Within the data that follows, set down exactly the lines from the one containing "PIALA DUNIA - Alvaro" through the one containing "FORD Grand C-MAX 1.6 TDCi Titanium", both ends included.

(Stored items)
------------------------

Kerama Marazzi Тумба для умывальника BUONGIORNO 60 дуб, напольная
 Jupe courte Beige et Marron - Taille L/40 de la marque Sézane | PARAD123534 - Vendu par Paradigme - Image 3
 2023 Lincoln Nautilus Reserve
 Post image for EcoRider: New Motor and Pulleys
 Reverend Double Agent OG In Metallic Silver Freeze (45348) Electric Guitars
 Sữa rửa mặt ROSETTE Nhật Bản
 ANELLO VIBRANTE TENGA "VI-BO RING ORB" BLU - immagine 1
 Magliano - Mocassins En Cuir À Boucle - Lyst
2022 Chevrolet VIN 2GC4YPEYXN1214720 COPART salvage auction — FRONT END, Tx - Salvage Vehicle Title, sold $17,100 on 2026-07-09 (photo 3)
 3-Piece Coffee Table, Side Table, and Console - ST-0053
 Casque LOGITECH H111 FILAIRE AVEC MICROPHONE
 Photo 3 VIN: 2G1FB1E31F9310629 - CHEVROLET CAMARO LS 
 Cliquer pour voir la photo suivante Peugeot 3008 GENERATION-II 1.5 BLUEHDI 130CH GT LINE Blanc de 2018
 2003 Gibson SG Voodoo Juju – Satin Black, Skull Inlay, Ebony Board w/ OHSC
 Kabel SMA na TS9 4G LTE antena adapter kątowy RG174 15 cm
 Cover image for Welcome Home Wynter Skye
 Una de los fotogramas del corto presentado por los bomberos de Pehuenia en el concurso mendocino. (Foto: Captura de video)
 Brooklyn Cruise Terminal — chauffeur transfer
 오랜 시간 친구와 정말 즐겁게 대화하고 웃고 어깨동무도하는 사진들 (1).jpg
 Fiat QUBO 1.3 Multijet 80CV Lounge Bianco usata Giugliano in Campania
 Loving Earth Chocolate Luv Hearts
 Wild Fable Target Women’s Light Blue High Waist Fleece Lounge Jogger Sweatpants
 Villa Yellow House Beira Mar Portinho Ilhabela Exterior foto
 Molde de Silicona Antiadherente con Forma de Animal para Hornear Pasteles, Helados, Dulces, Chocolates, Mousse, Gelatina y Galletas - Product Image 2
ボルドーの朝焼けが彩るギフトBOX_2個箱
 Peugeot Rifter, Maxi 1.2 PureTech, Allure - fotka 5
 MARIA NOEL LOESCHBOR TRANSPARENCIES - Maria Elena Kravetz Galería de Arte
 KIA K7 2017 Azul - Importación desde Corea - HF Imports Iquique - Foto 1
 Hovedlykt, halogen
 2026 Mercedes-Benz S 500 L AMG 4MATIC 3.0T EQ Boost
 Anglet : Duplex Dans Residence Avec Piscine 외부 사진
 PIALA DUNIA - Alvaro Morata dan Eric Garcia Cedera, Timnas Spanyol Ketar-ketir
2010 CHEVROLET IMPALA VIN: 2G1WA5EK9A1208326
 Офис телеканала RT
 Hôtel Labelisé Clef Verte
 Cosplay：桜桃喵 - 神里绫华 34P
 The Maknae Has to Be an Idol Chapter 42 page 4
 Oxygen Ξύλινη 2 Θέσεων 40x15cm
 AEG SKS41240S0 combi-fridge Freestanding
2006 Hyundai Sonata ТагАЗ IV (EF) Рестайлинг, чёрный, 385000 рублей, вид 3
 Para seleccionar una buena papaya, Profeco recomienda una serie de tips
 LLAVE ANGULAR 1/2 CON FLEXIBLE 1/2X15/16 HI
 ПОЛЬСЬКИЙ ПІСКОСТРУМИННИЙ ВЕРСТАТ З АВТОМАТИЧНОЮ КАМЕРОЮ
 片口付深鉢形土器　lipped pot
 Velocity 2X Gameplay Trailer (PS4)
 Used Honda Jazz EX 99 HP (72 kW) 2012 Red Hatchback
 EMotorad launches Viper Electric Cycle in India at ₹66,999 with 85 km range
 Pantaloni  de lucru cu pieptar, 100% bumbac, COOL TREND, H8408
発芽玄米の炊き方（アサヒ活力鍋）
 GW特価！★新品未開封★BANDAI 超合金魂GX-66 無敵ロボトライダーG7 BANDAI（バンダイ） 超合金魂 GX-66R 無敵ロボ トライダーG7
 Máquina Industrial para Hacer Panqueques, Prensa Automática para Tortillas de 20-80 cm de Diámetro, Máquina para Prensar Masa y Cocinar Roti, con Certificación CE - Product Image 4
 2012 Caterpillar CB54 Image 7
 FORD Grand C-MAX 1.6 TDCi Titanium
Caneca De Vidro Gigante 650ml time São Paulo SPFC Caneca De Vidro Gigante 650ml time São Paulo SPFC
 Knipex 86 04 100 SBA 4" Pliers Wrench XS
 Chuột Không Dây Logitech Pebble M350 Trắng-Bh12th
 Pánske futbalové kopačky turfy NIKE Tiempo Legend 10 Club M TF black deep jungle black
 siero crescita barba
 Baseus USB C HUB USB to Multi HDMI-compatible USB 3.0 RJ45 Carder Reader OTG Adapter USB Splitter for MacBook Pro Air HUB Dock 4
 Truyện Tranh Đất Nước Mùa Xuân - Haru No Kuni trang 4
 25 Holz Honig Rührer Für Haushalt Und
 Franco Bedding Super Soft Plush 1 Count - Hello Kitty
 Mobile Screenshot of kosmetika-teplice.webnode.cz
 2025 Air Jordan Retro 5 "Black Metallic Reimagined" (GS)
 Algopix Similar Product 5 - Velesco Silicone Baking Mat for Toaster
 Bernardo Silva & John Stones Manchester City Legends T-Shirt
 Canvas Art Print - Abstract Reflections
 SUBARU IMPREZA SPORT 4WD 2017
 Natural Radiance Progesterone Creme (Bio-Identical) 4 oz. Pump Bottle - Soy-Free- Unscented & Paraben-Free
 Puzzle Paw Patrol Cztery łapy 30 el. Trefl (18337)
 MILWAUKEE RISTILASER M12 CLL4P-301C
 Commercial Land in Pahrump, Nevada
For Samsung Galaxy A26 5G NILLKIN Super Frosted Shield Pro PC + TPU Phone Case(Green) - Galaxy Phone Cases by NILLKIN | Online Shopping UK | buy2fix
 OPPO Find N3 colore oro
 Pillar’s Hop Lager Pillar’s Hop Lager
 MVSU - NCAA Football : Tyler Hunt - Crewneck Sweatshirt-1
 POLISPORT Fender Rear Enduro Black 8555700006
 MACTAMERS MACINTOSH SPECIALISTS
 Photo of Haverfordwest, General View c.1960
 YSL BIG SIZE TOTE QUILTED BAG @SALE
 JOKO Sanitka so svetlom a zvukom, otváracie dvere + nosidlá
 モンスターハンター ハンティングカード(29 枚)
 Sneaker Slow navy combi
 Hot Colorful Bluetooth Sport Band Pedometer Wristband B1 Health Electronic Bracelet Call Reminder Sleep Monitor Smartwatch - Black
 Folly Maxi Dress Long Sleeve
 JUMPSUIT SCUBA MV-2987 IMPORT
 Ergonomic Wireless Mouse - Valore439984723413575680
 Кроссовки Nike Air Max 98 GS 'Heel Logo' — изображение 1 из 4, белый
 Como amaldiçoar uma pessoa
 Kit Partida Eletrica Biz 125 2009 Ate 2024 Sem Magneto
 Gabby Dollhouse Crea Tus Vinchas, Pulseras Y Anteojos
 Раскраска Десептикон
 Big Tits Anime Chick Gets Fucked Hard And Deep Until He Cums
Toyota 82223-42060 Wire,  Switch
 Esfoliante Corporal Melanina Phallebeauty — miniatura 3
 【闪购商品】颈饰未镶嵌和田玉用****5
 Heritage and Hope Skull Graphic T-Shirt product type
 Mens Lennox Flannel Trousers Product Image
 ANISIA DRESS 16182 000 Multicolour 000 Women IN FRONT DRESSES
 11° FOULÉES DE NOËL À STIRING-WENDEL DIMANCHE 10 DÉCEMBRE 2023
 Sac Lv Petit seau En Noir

------------------------

• **Answer to the problem**:
 PIALA DUNIA - Alvaro Morata dan Eric Garcia Cedera, Timnas Spanyol Ketar-ketir
2010 CHEVROLET IMPALA VIN: 2G1WA5EK9A1208326
 Офис телеканала RT
 Hôtel Labelisé Clef Verte
 Cosplay：桜桃喵 - 神里绫华 34P
 The Maknae Has to Be an Idol Chapter 42 page 4
 Oxygen Ξύλινη 2 Θέσεων 40x15cm
 AEG SKS41240S0 combi-fridge Freestanding
2006 Hyundai Sonata ТагАЗ IV (EF) Рестайлинг, чёрный, 385000 рублей, вид 3
 Para seleccionar una buena papaya, Profeco recomienda una serie de tips
 LLAVE ANGULAR 1/2 CON FLEXIBLE 1/2X15/16 HI
 ПОЛЬСЬКИЙ ПІСКОСТРУМИННИЙ ВЕРСТАТ З АВТОМАТИЧНОЮ КАМЕРОЮ
 片口付深鉢形土器　lipped pot
 Velocity 2X Gameplay Trailer (PS4)
 Used Honda Jazz EX 99 HP (72 kW) 2012 Red Hatchback
 EMotorad launches Viper Electric Cycle in India at ₹66,999 with 85 km range
 Pantaloni  de lucru cu pieptar, 100% bumbac, COOL TREND, H8408
発芽玄米の炊き方（アサヒ活力鍋）
 GW特価！★新品未開封★BANDAI 超合金魂GX-66 無敵ロボトライダーG7 BANDAI（バンダイ） 超合金魂 GX-66R 無敵ロボ トライダーG7
 Máquina Industrial para Hacer Panqueques, Prensa Automática para Tortillas de 20-80 cm de Diámetro, Máquina para Prensar Masa y Cocinar Roti, con Certificación CE - Product Image 4
 2012 Caterpillar CB54 Image 7
 FORD Grand C-MAX 1.6 TDCi Titanium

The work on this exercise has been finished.